Records from a dataset
►

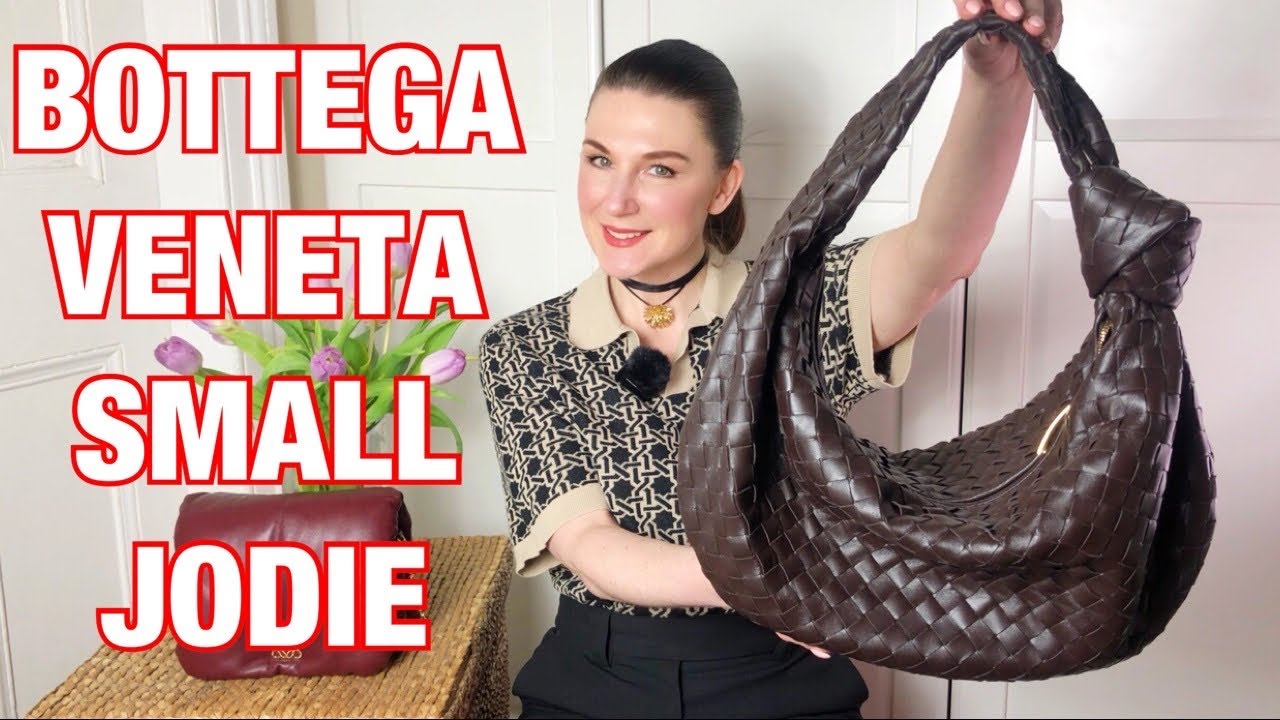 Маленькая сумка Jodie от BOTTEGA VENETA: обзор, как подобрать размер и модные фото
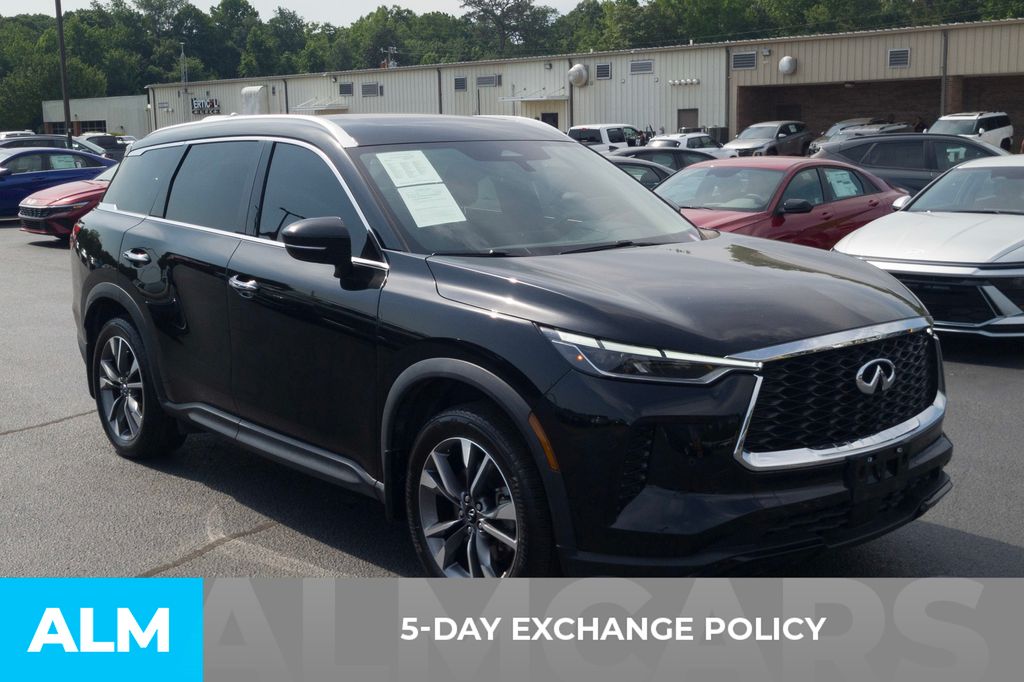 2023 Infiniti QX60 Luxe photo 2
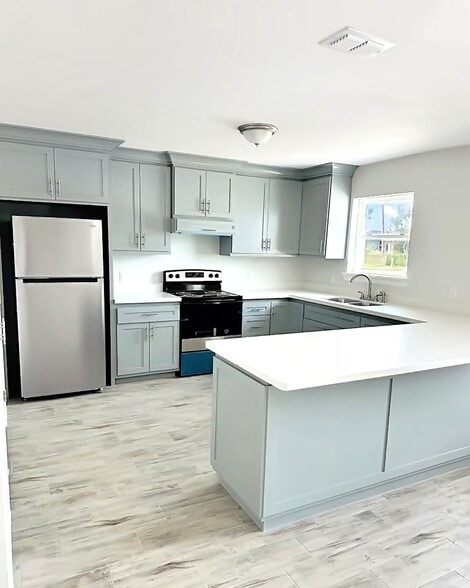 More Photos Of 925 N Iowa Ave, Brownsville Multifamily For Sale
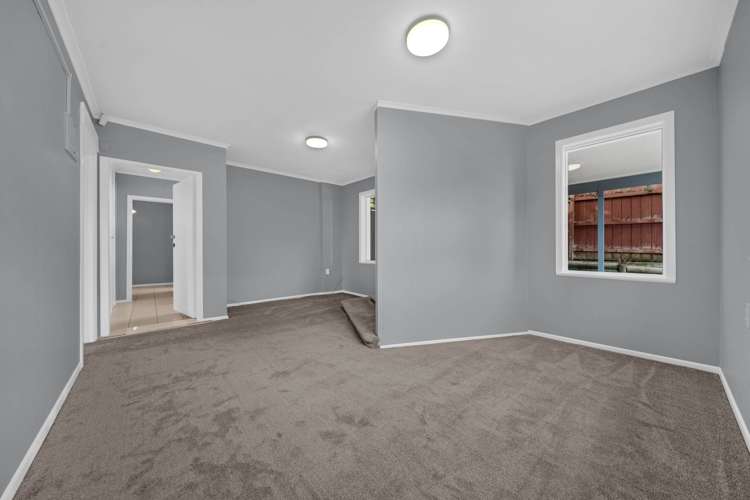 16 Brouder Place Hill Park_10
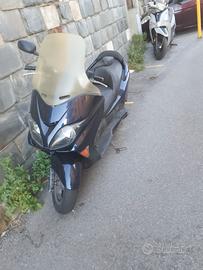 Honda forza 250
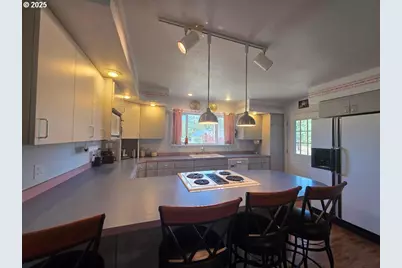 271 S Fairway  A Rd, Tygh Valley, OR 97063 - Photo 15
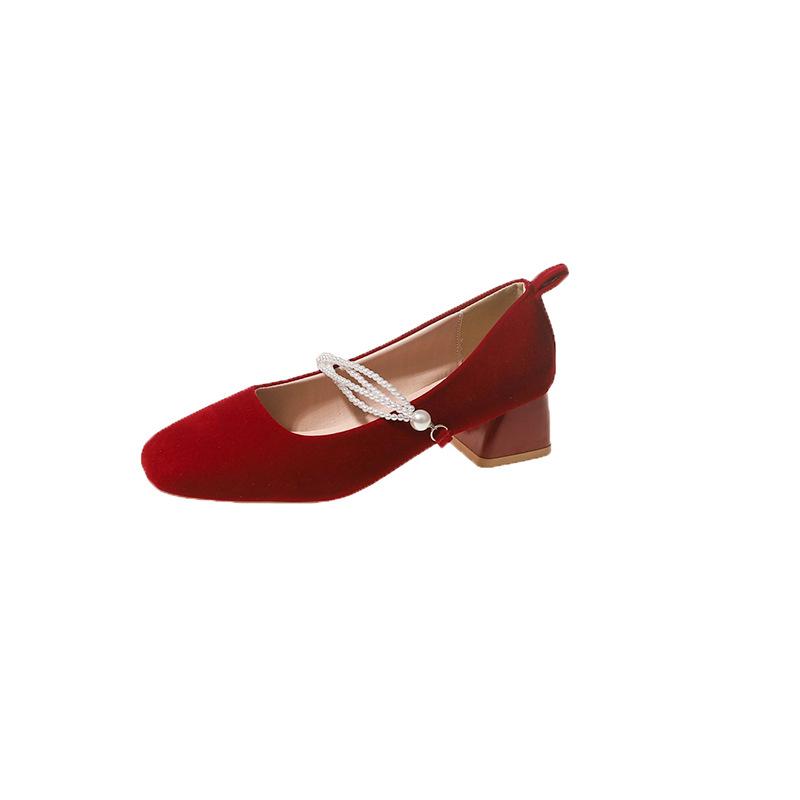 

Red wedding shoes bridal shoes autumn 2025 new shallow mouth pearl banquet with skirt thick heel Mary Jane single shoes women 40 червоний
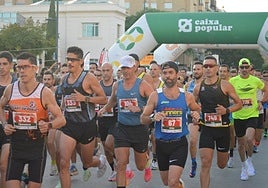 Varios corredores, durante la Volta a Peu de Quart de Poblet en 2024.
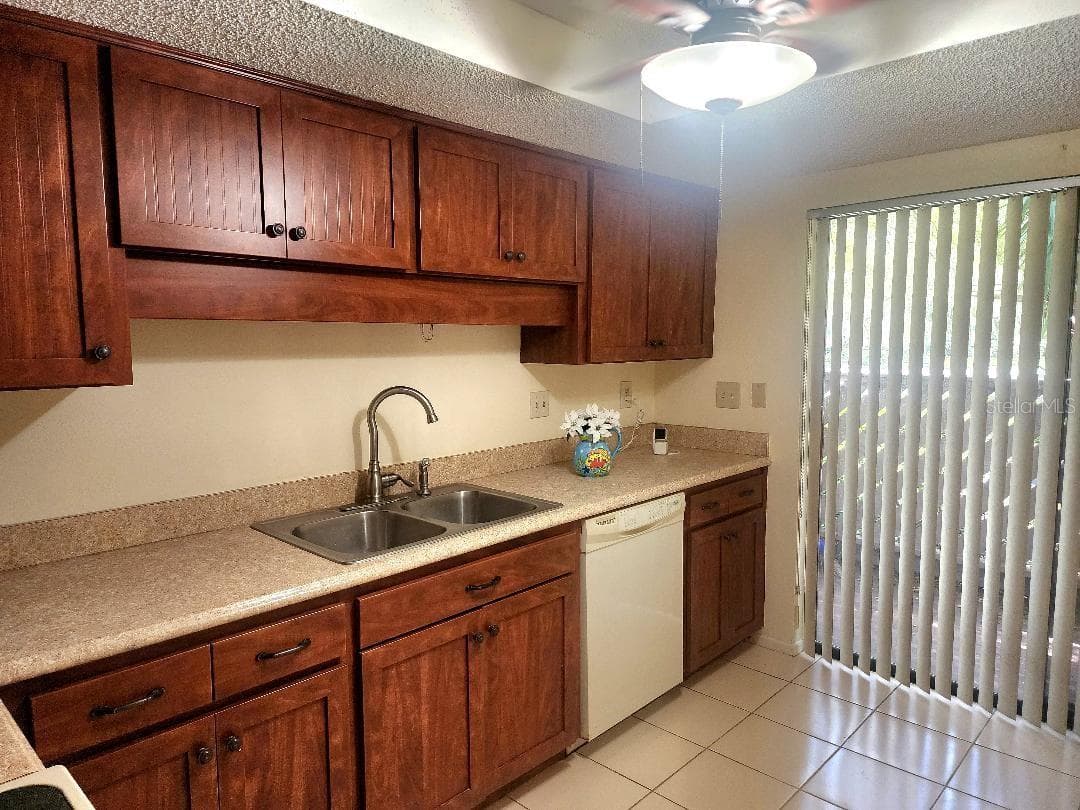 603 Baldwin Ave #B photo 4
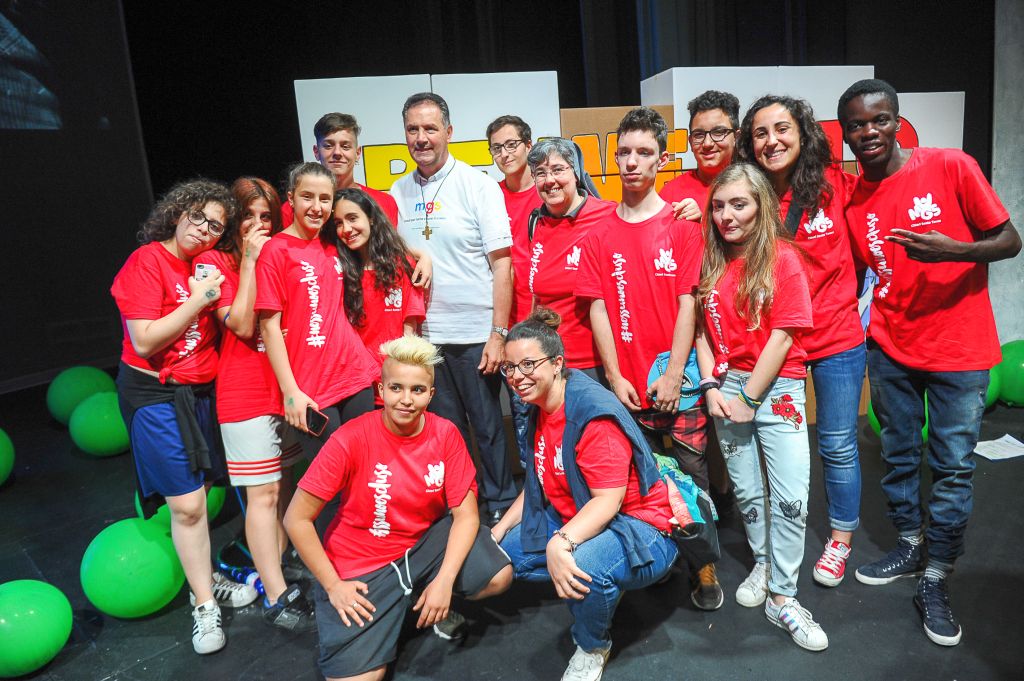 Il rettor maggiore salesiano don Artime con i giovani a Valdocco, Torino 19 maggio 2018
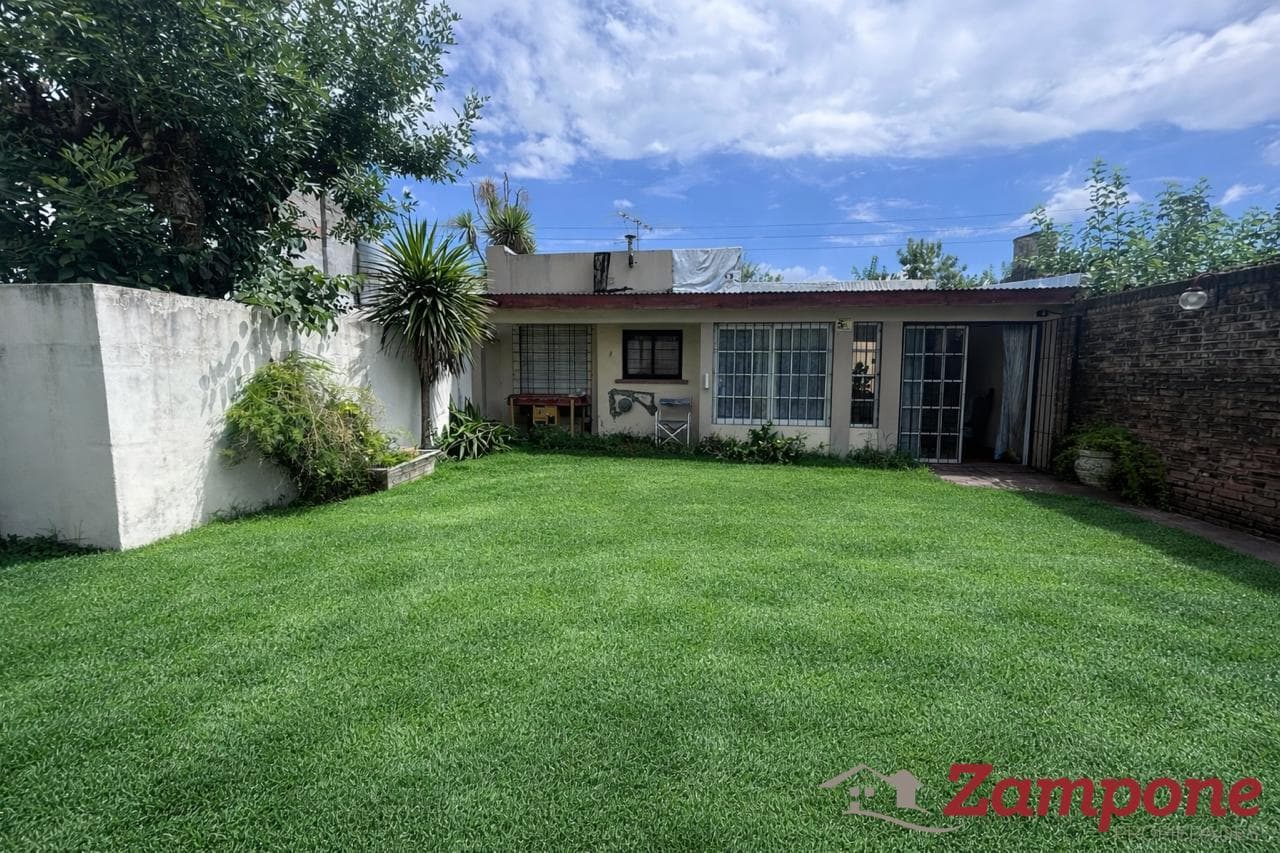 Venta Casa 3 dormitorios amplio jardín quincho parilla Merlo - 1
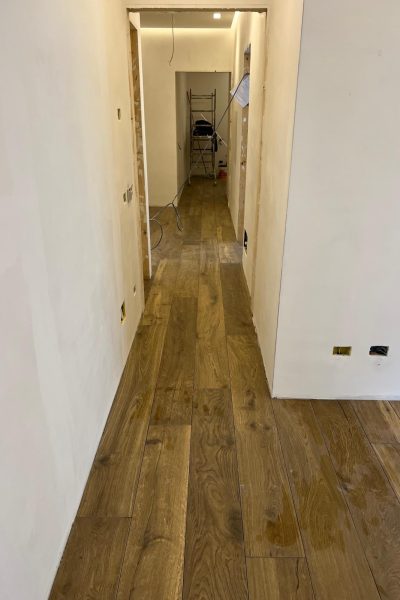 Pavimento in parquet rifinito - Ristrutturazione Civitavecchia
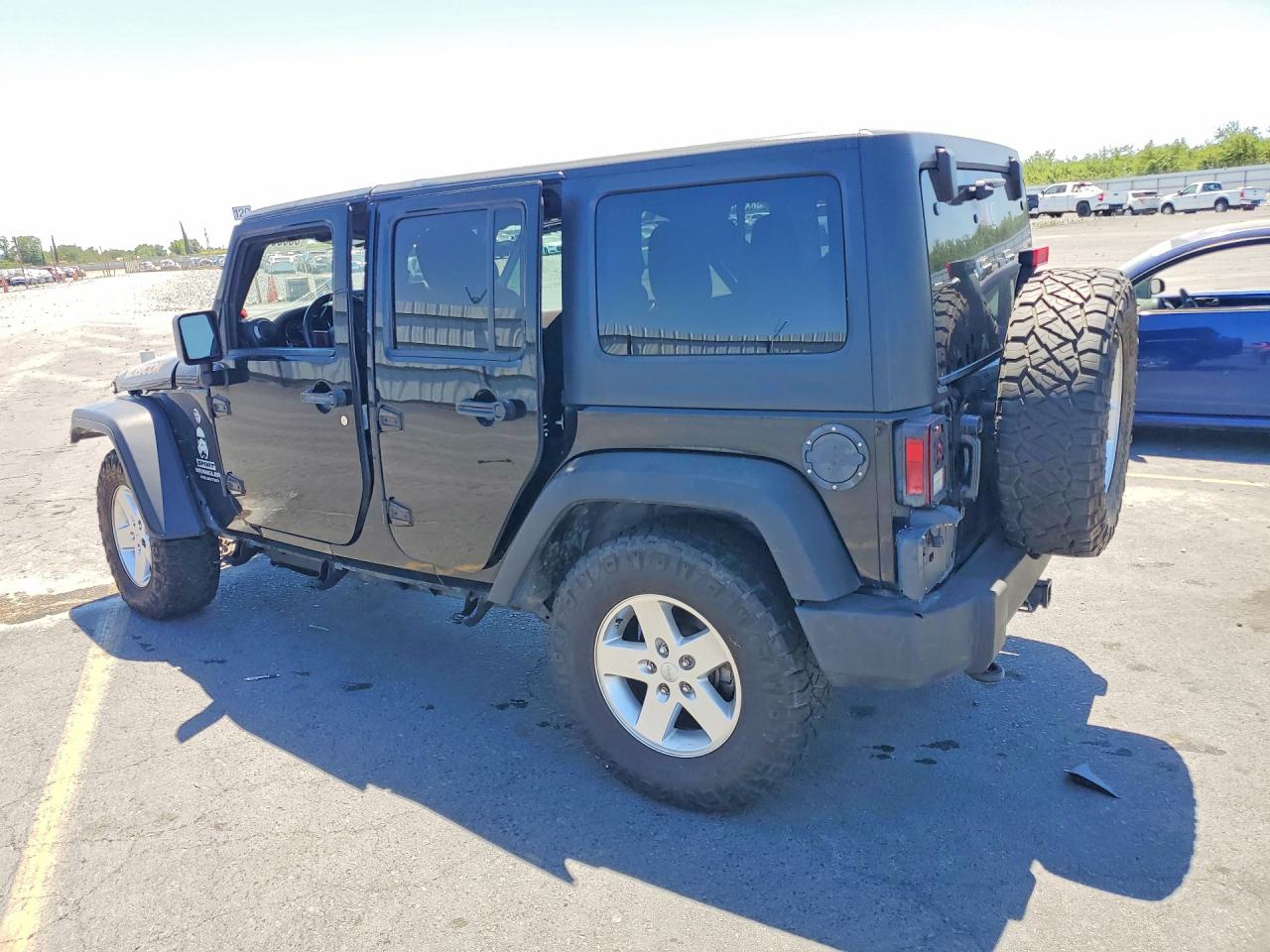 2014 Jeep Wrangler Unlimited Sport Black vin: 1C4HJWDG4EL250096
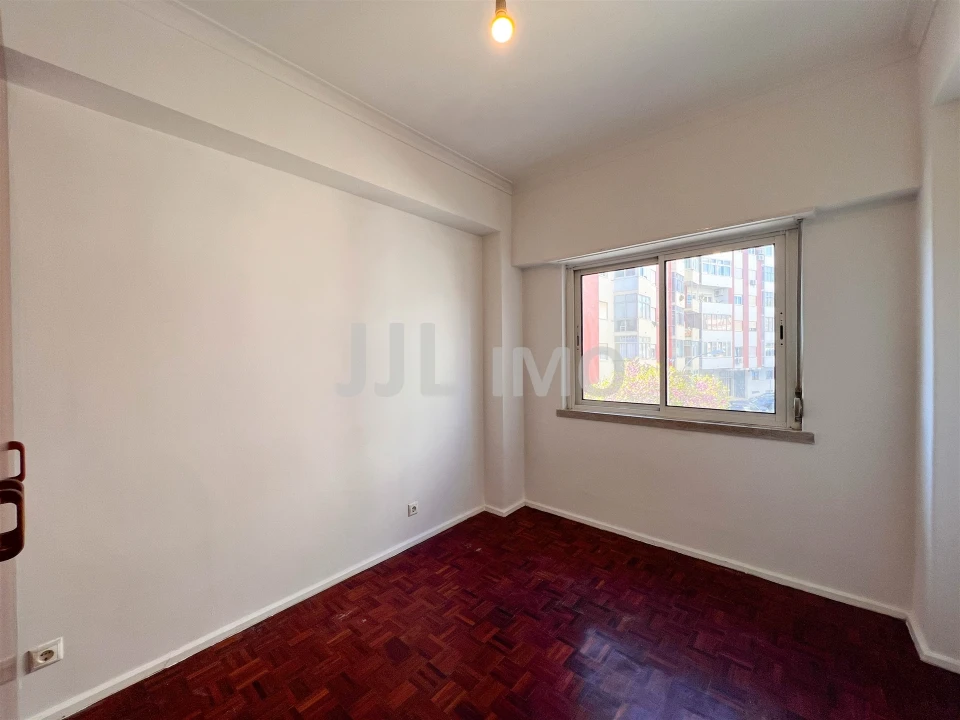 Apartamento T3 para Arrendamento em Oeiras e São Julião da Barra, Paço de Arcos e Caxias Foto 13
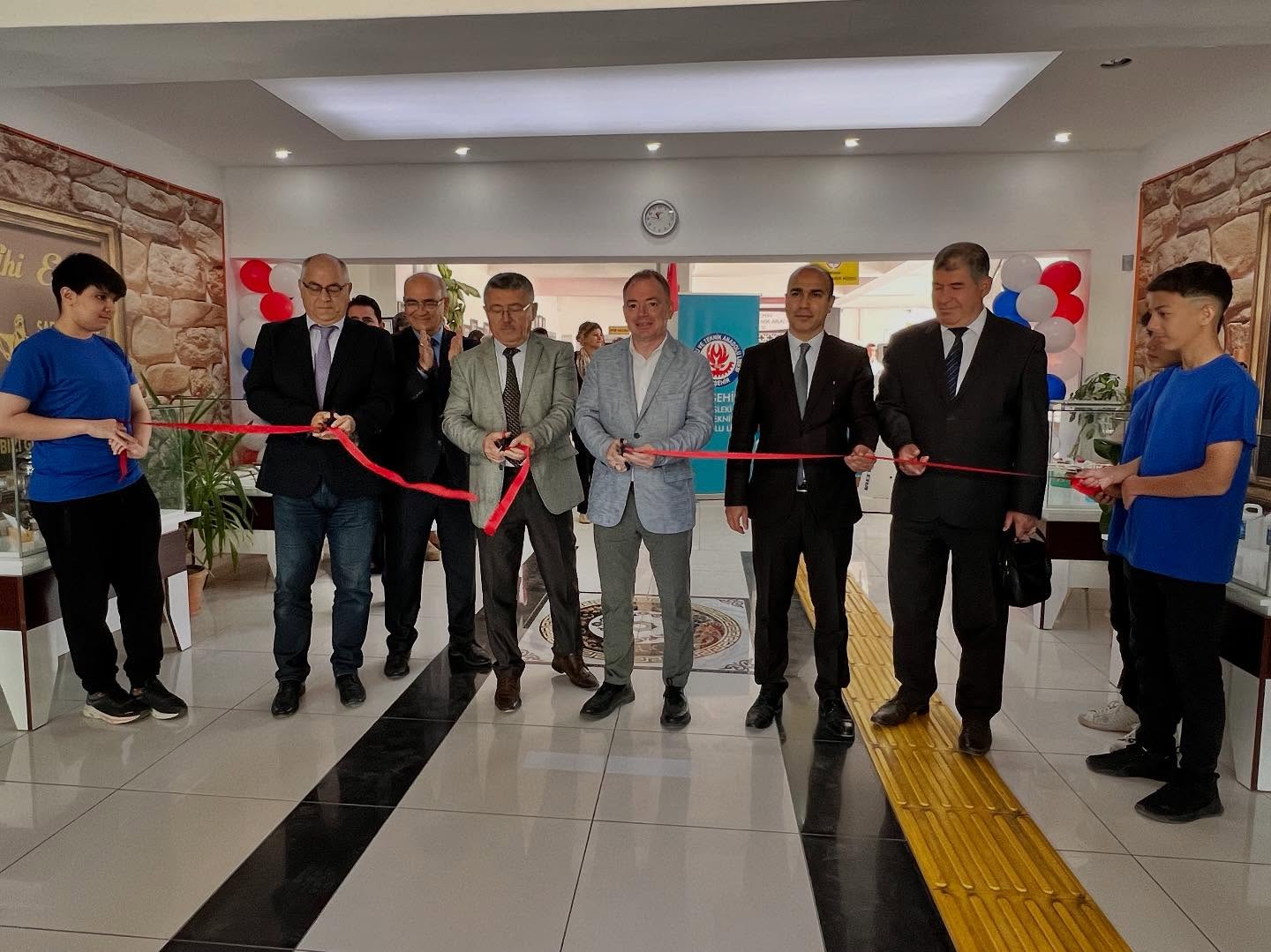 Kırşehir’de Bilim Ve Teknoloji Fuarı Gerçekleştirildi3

◄

# Problem to solve:
Working from the entries above, please transcribe only the lines from the line with "603 Baldwin Ave #B photo 4" through the line with "Apartamento T3 para", exactly, with both end lines and without pictures.

# Exercise solution:
 603 Baldwin Ave #B photo 4
 Il rettor maggiore salesiano don Artime con i giovani a Valdocco, Torino 19 maggio 2018
 Venta Casa 3 dormitorios amplio jardín quincho parilla Merlo - 1
 Pavimento in parquet rifinito - Ristrutturazione Civitavecchia
 2014 Jeep Wrangler Unlimited Sport Black vin: 1C4HJWDG4EL250096
 Apartamento T3 para Arrendamento em Oeiras e São Julião da Barra, Paço de Arcos e Caxias Foto 13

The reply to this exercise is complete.